* **What the task asks**: With no images included, output each entry below exactly as it appears.

Crawled caption data:

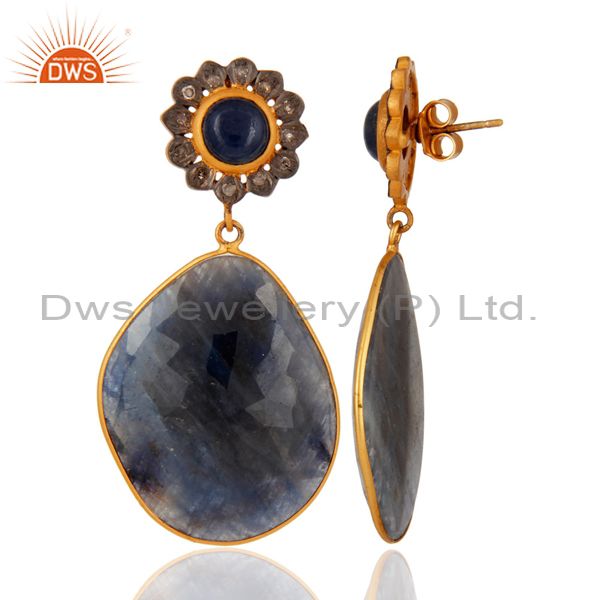 Suppliers Handmade 925 Sterling Silver Natural Sapphire Gemstone Pave Diamond Drop Earrins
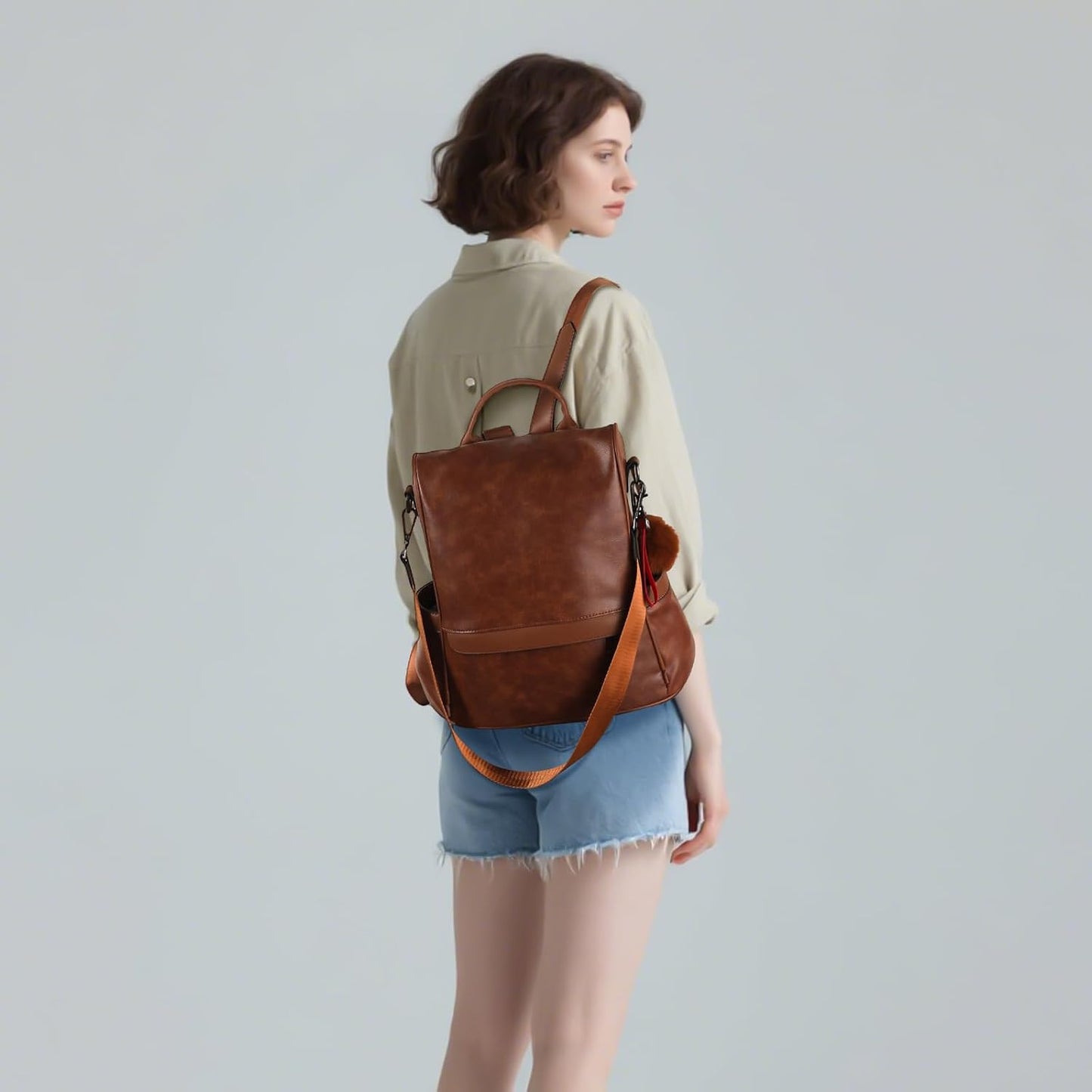 Women's PU Leather Anti-Theft Backpack Purse - Casual Shoulder Bag and Fashion Satchel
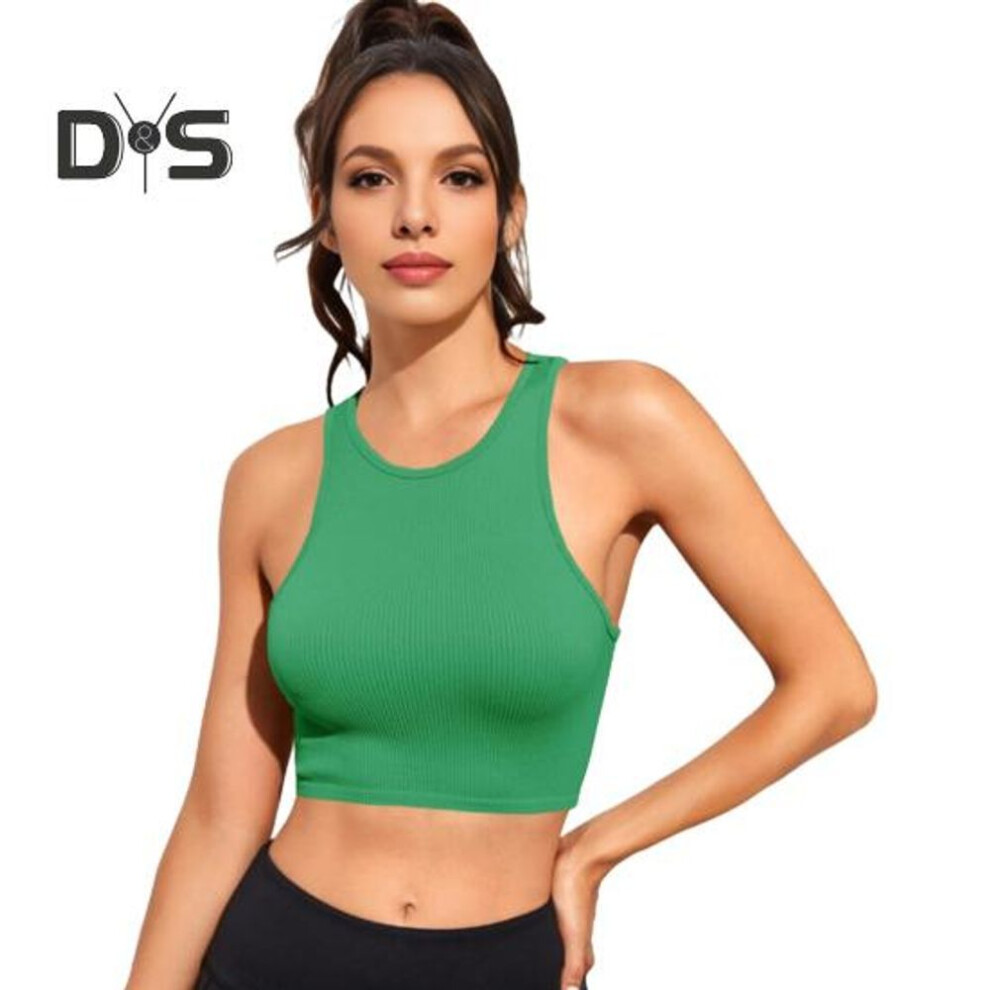 (M, green) Women Yoga Vest O-neck Sleeveless Racer Back Tank Tops Solid Color Slim Fit Ribbed Running Sport Vest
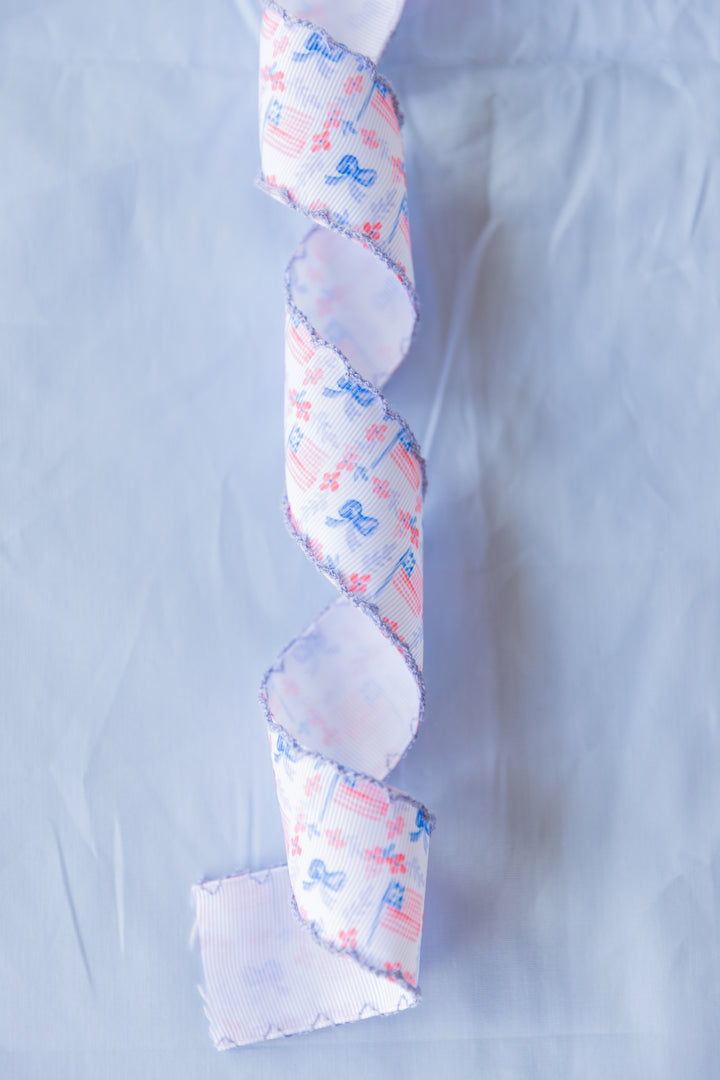 Patriotic Scallop Edge Preppy Ribbon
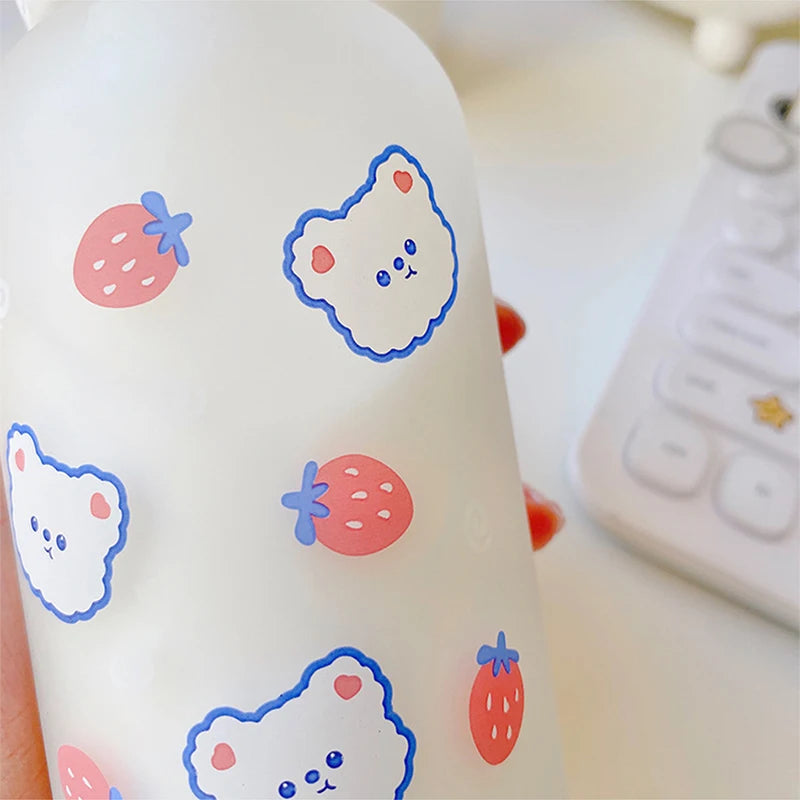 Hot 320ml Kawaii Strawberry Bear Glass Water Bottle For Girls Kids Adult Milk Juice Straw Cup Frosted Leakproof Drinking Bottles | Alo Trendy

* **Finished exercise**:
 Suppliers Handmade 925 Sterling Silver Natural Sapphire Gemstone Pave Diamond Drop Earrins
 Women's PU Leather Anti-Theft Backpack Purse - Casual Shoulder Bag and Fashion Satchel
 (M, green) Women Yoga Vest O-neck Sleeveless Racer Back Tank Tops Solid Color Slim Fit Ribbed Running Sport Vest
 Patriotic Scallop Edge Preppy Ribbon
 Hot 320ml Kawaii Strawberry Bear Glass Water Bottle For Girls Kids Adult Milk Juice Straw Cup Frosted Leakproof Drinking Bottles | Alo Trendy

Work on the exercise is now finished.